===== Supplied material =====

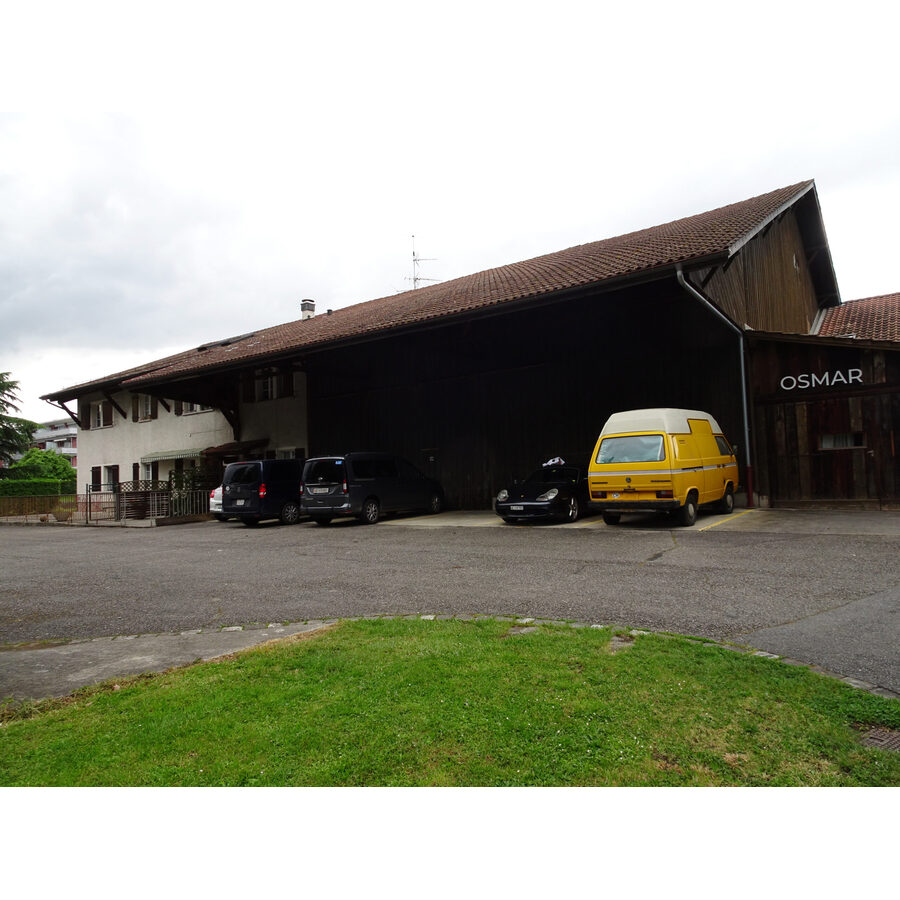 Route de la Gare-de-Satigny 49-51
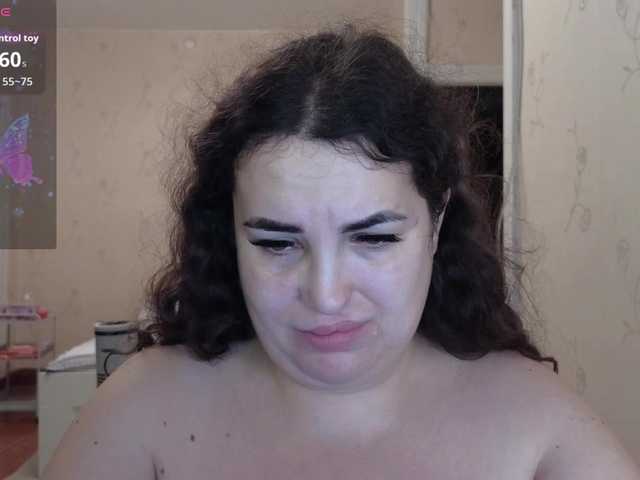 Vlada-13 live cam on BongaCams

=====
===== Supplied material =====

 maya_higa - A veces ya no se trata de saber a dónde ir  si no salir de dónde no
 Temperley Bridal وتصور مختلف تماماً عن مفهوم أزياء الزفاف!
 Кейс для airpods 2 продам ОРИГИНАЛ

=====

#### [Task]
Using the data above, reproduce exactly the lines from the line that contains "maya_higa - A" through the line that contains "Кейс для airpods 2 продам ОРИГИНАЛ", including both.

#### [Problem solution]
 maya_higa - A veces ya no se trata de saber a dónde ir  si no salir de dónde no
 Temperley Bridal وتصور مختلف تماماً عن مفهوم أزياء الزفاف!
 Кейс для airpods 2 продам ОРИГИНАЛ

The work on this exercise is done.